This episode flips the usual format, with my guest interviewing me for a change. I first took note of Zachary Wood when he was an undergraduate of Williams College. He was the president of a student group called “Uncomfortable Learning,” whose mission was to invite to campus outside speakers with a heterodox perspective (which is code for “conservative” for the most part). Invitees included Charles Murray, Christina Hoff Sommers, David French, John Christy, and others. For this transgression against campus orthodoxy, Zach was dressed down by the president of William College, and further instructed that he should “be careful” about what he wrote in the student newspaper—a story he tells in this article published recently by the National Association of Scholars.
From this experience Zach has understandably became concerned about free speech generally, and freedom of the press in particular, and when Zach told me that he was interested in recording some interviews and conversations with people (starting with me) on free speech and free press issues, but didn’t yet have an online platform ready to launch, I decided to offer him an episode of the Power Line Show to start things rolling and get some practice. As journalism was my first career right out of college back around the time of the Boer War, we thought it would be fun and informative to go through some long-term perspectives on modern media.

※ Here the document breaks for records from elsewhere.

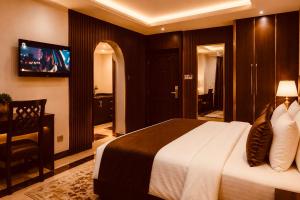 a hotel room with a bed and a tv at E-Luxe Suites Hotel in Abuja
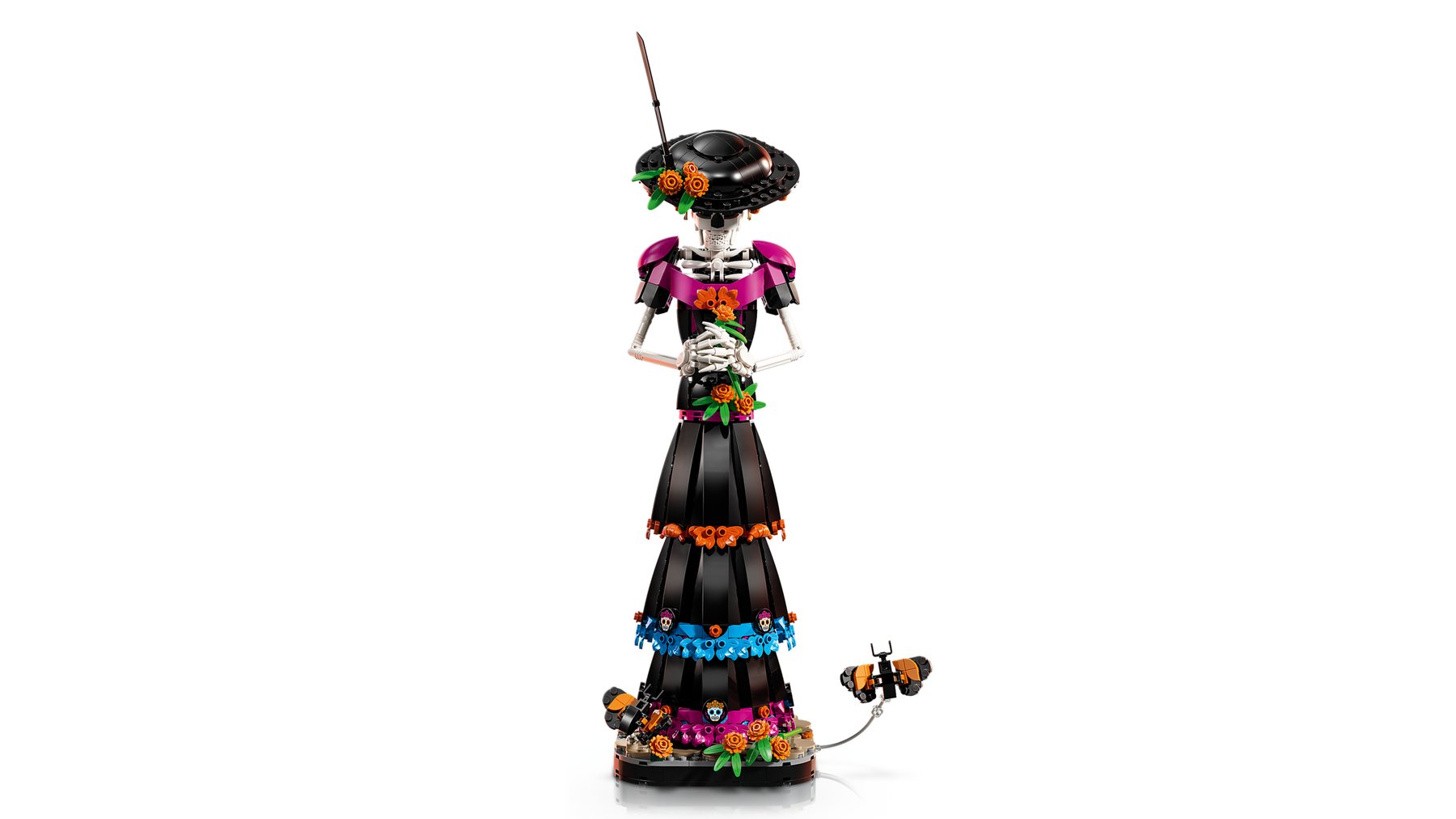 LEGO® Ideas La Catrina set showing a figure with a bowed head and clasped hands on a base decorated with flowers.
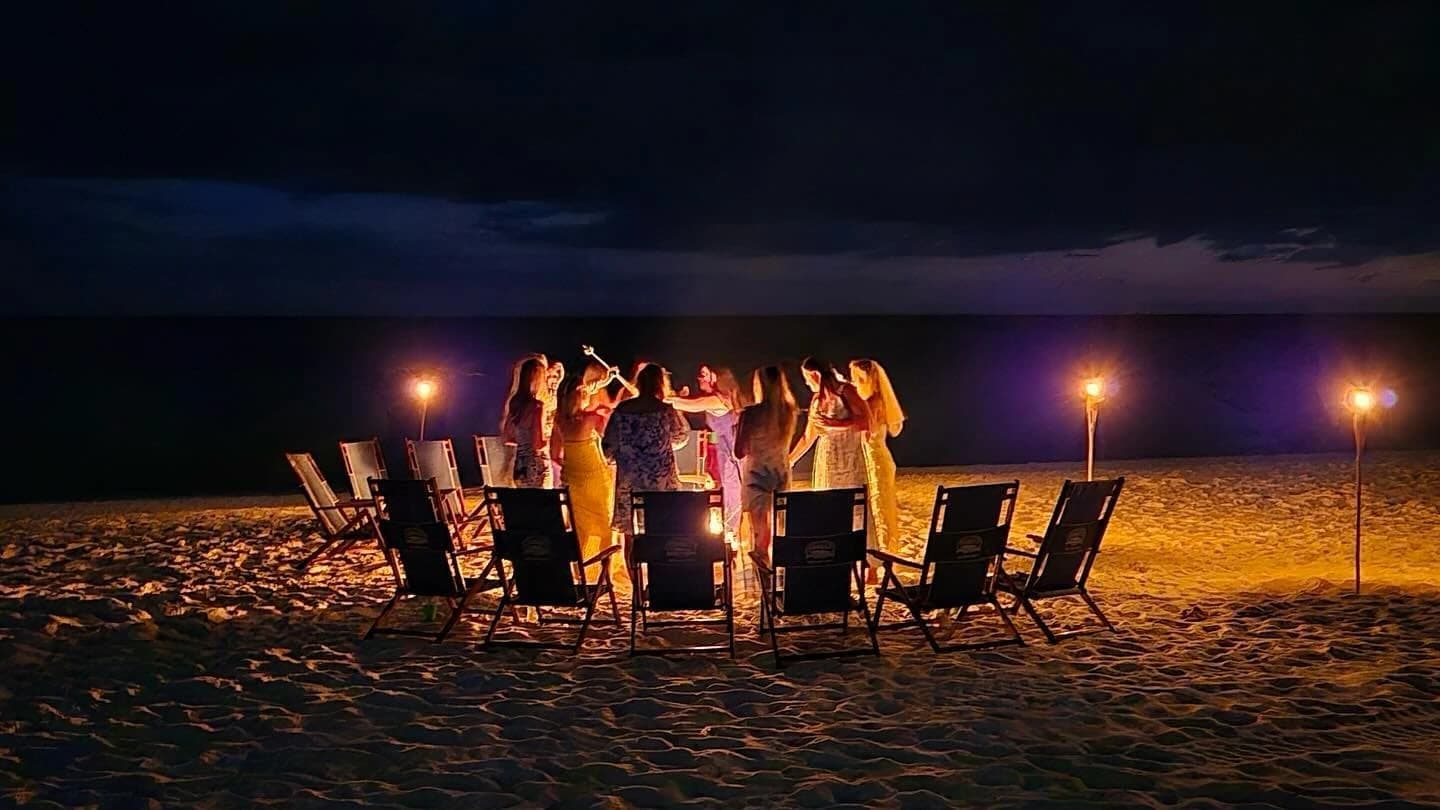 Friends enjoying a beach bonfire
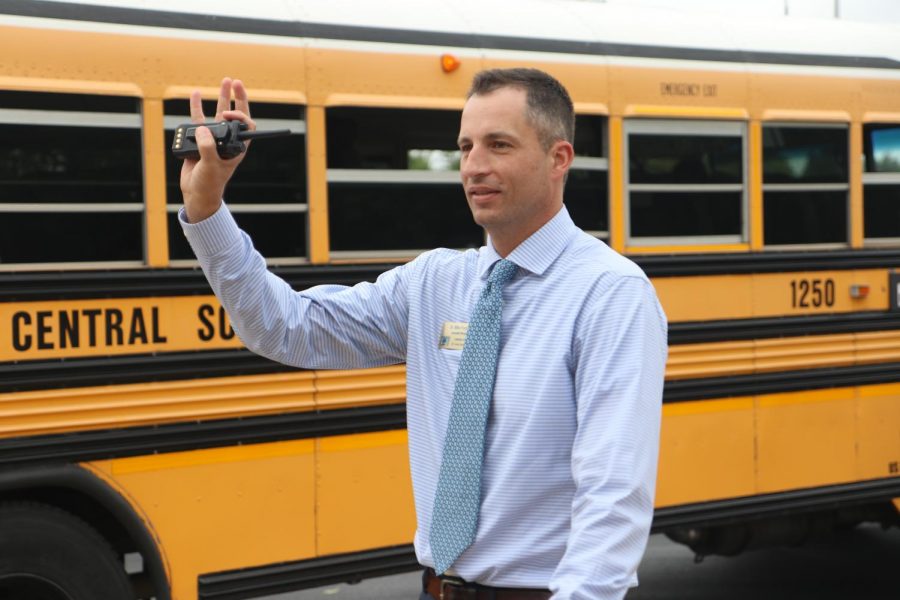 Completing his afternoon dismissal duties, Dr. Michael Franklin, associate principal, waves at departing buses.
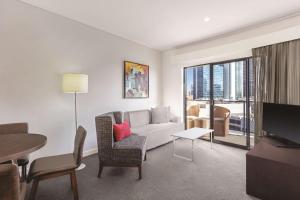 a living room with a couch and a table at Adina Apartment Hotel Perth Barrack Plaza in Perth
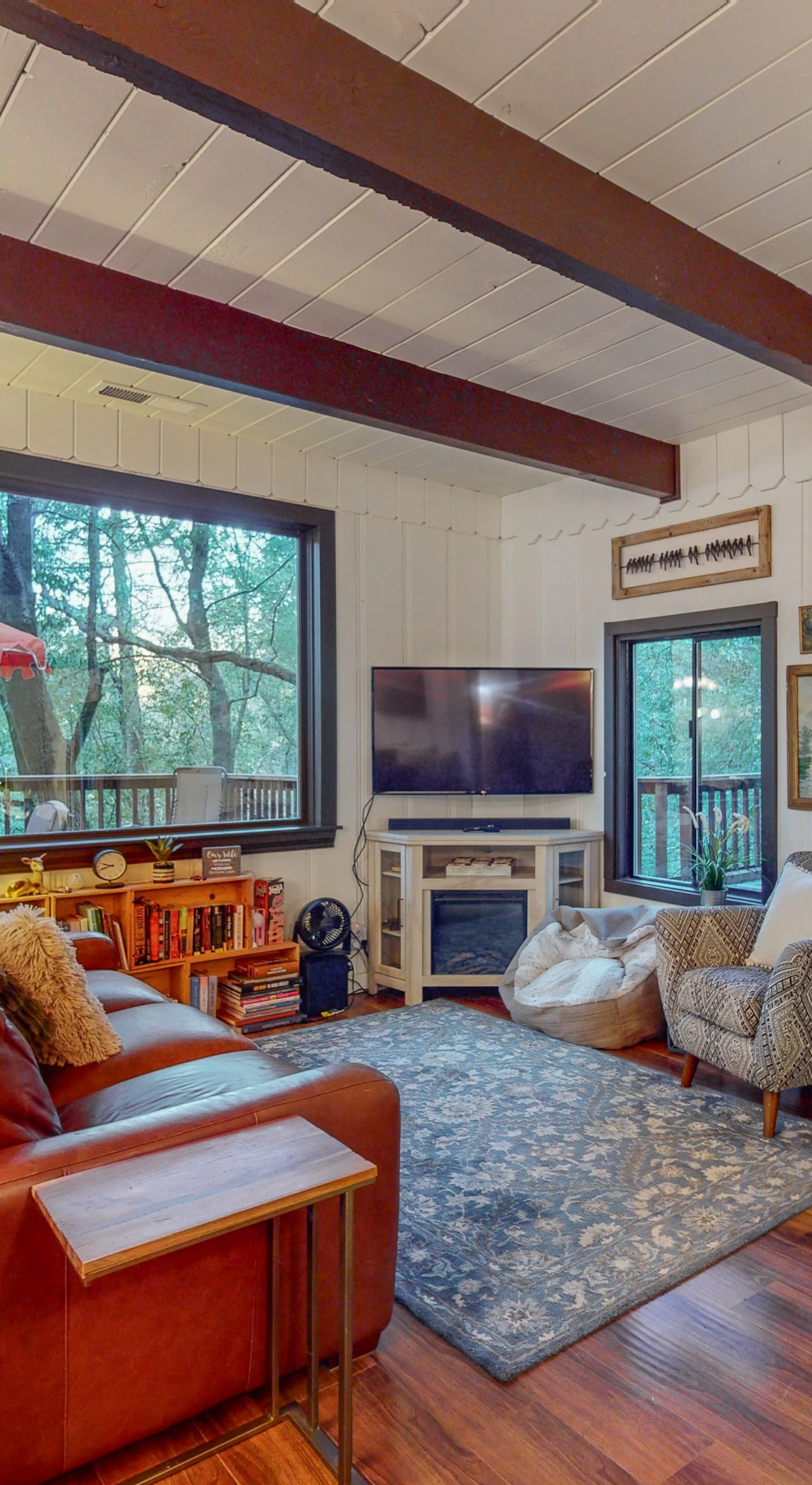 Sink into the leather sofa after a day of Forestville wine tasting — exposed timber beams, hardwood floors, and forest views through oversized windows make your living room a true retreat.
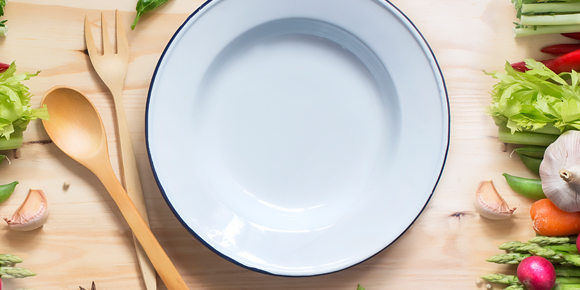 empty plate on a table with vegetables and wooden utensils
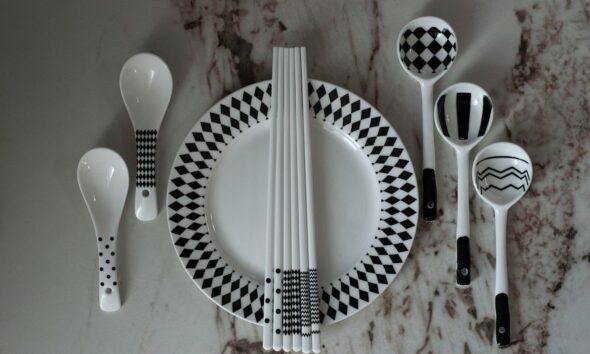 A table with a plate, spoons, and utensils on it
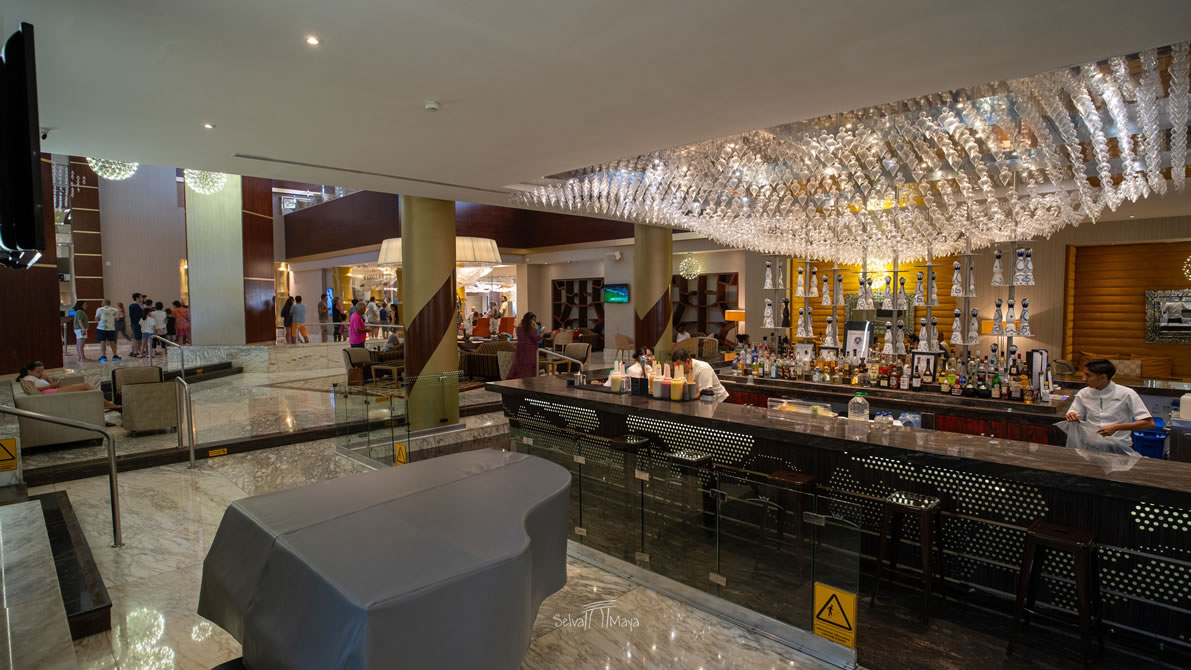 Lobby bar de Nizuc con barra iluminada, bartenders y candelabro de cristal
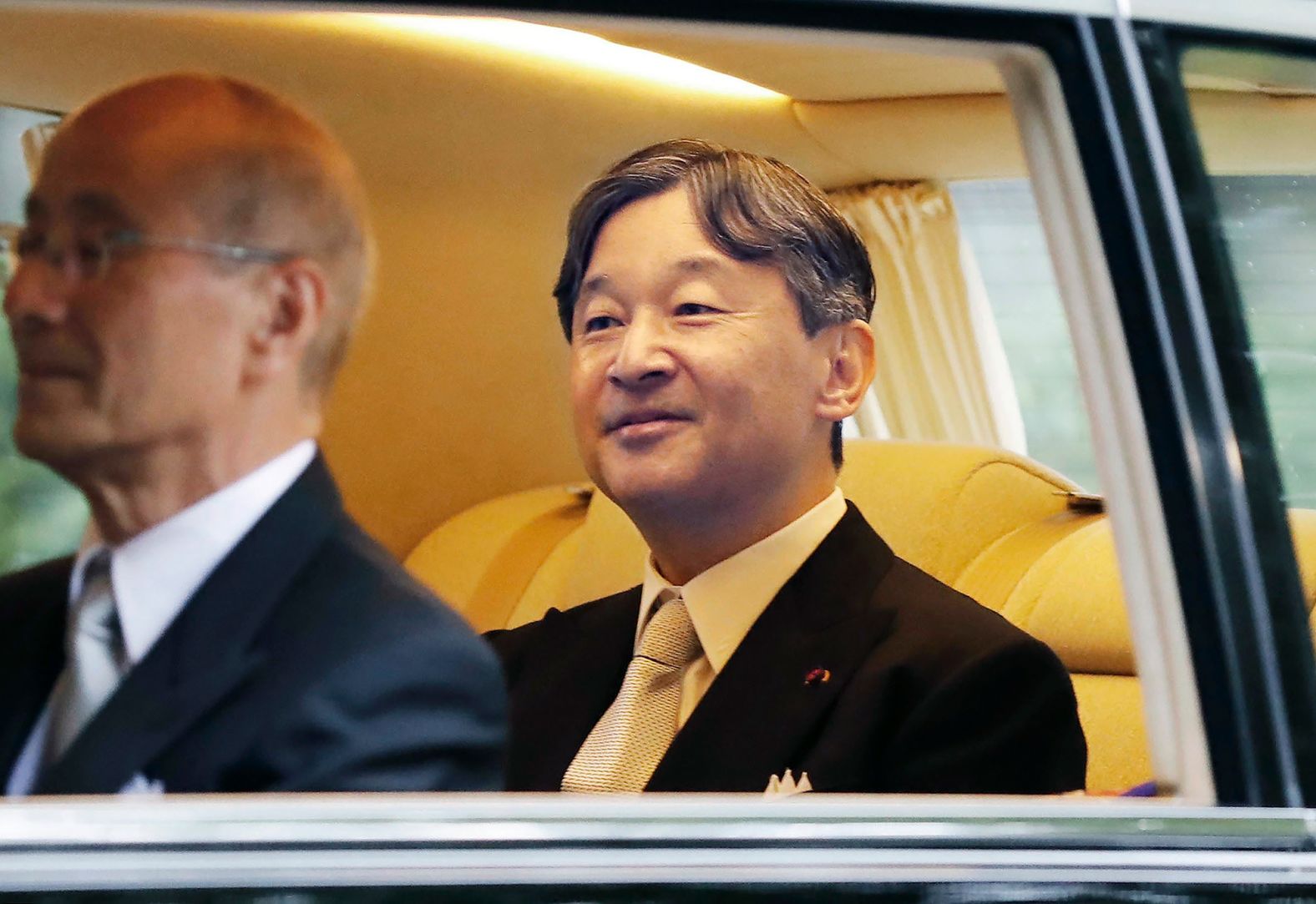 Japan's Emperor Naruhito smiles as he heads to the Imperial Palace in Tokyo on October 22.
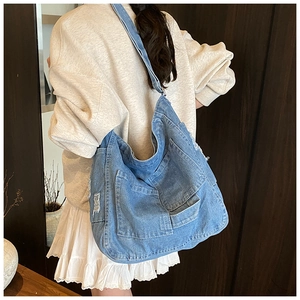 Detail of blue denim messenger bag featuring frayed edges and multiple front utility pockets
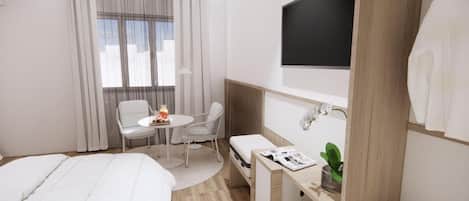 A hotel room with a bed, a desk with a chair, a small table with a chair, a TV mounted on the wall, and a window with curtains.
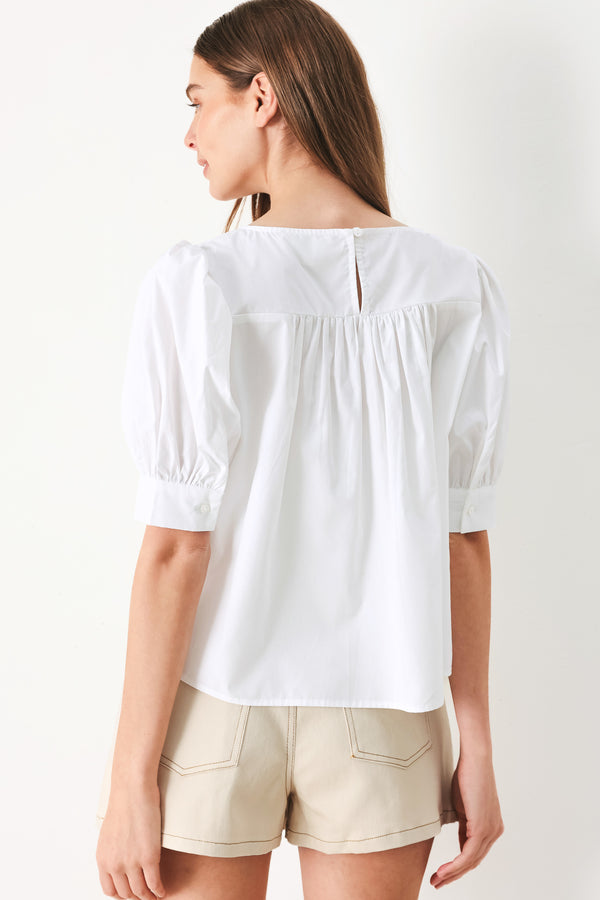 Woman wearing a white blouse featuring square neckline, elbow sleeve with cuff and back button closure | Flying Tomato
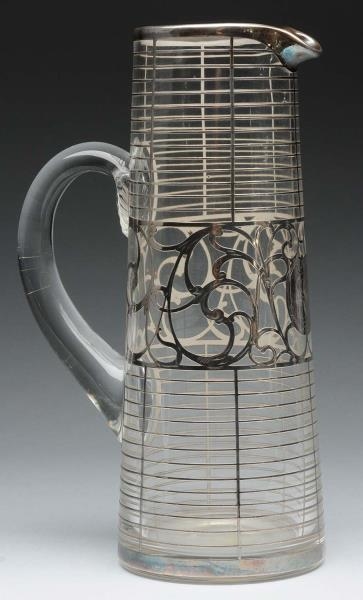 SILVER OVERLAY PITCHER.                           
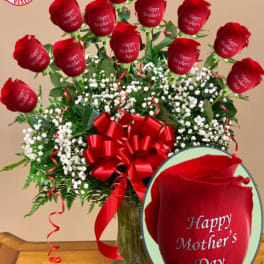 Bouquet of red roses with a red ribbon in a glass vase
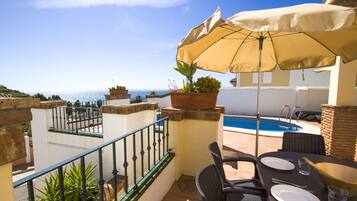 Un balcone con vista sul mare, una piscina e mobili da esterno.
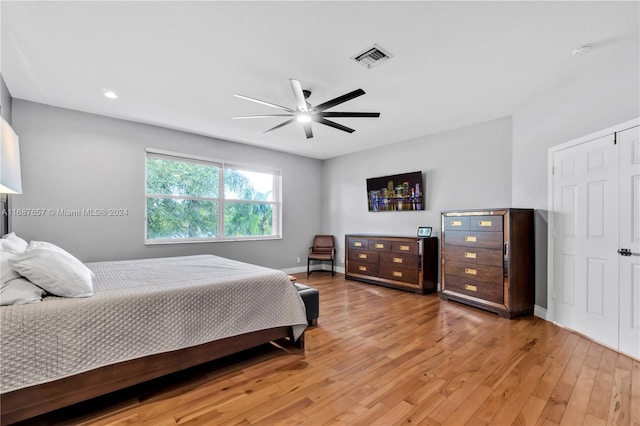 bedroom featuring hardwood / wood-style flooring and ceiling fan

Zachary R. Wood is an Assistant Curator at TED, a former columnist and Assistant Opinion Editor at The Guardian, and a former Robert L. Bartley Fellow at The Wall Street Journal. His work has appeared in The New York Times, The Wall Street Journal, The Washington Post, HuffPost, The Nation, The Weekly Standard, Times Higher Education, and Inside Higher Ed. In 2017, he gave Senate testimony opposing the recent string of college speaker disinvitations and in defense of viewpoint diversity. He’s planning to attend law school in the not too distant future.